The prevalence of various types of physical activities was calculated as the percentage of men involved in each activity. We have presented the median with the 25th and 75th percentiles of continuous variables because of their skewed distributions. For practical reasons, we dichotomized energy expenditure (MET·h·wk−1) from nonexercise PA at the median and leisure time PA as "participating" or "not participating" to create binary variables to be used in logistic regression. Because exercisers may differ substantially from nonexercisers in lifestyle and other characteristics, we conducted analyses on these two subgroups separately. Associations of physical activity with socioeconomic/lifestyle factors were evaluated by odds ratios (OR) and 95% confidence intervals (CI) derived from logistic regression modeling. Statistical analyses were performed using SAS version 9.1 for Windows (SAS Institute, Cary, NC), and all tests were two tailed.
Demographic characteristics of the study population are presented in Table 1. The mean age of study participants was 54.9 ± 9.7 yr. Approximately 60% of the study participants had attended high school or above, and 9.7% had per capita incomes of more than 2000 yuan per month. About 17% were employed as professionals, 23.0% as clerks, and 20.7% as manual workers. The mean BMI was 23.7 ± 3.1 kg·m−2; the prevalence rates of overweight (BMI: 25-29.9 kg·m−2) and obesity (BMI: ≥ 30 kg·m−2) were 30.4 and 2.6%, respectively.

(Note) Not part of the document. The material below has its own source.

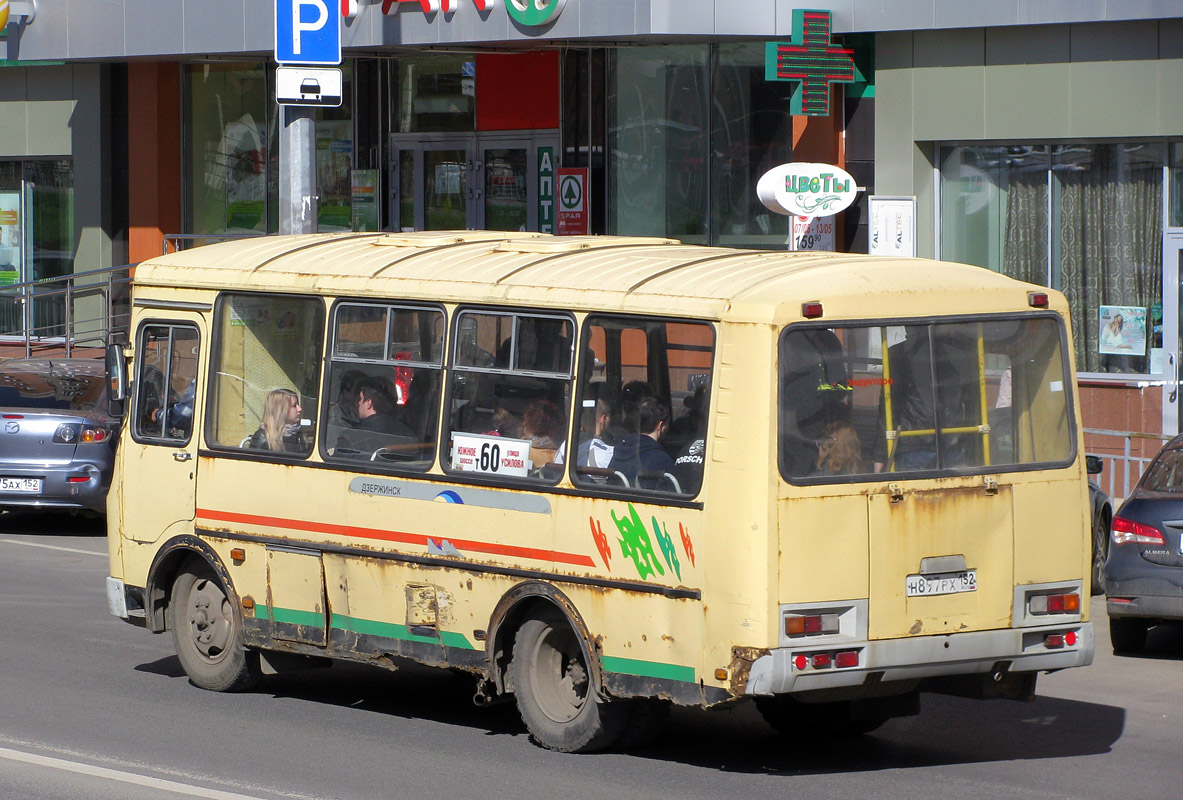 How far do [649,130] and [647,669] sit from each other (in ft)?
48.2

About 59% of subjects were smokers, 29.3% were alcohol drinkers, and 64.1% were tea drinkers. The average total energy intake was 1909 ± 485 kcal·d−1.
Presented in Table 2 are the physical activity patterns of study subjects during adolescence and adulthood. More than 95% of men participated in exercise/sports during adolescence, with a median duration of 6.5 h·wk−1, whereas the prevalence of regular exercise during the 5 yr preceding the interview was 35.6%. Among regular exercisers in adulthood, 50% participated in regular exercise/sports more than 5 h·wk−1. Most (76.9%) reported participation in only one activity, 19.6% in two activities, and 3.5% in three activities (data not shown in table). Fifty-four percent of participants reported moderate activity and 18.6% reported vigorous activity. Walking or cycling for transportation was reported in 22.6% (median: 2.3 h·wk−1) and 23.5% (median: 4.7 h·wk−1), respectively, of participants who were employed at the time of interview. For daily living activity, 99.9% and 24.5% of men reported walking and cycling, respectively. The median time spent doing housework was 3.5 h·wk−1, and 46.9% reported being responsible for more than half of the household chores. Only 9.0% of participants reported that their most recent job required high levels of activity.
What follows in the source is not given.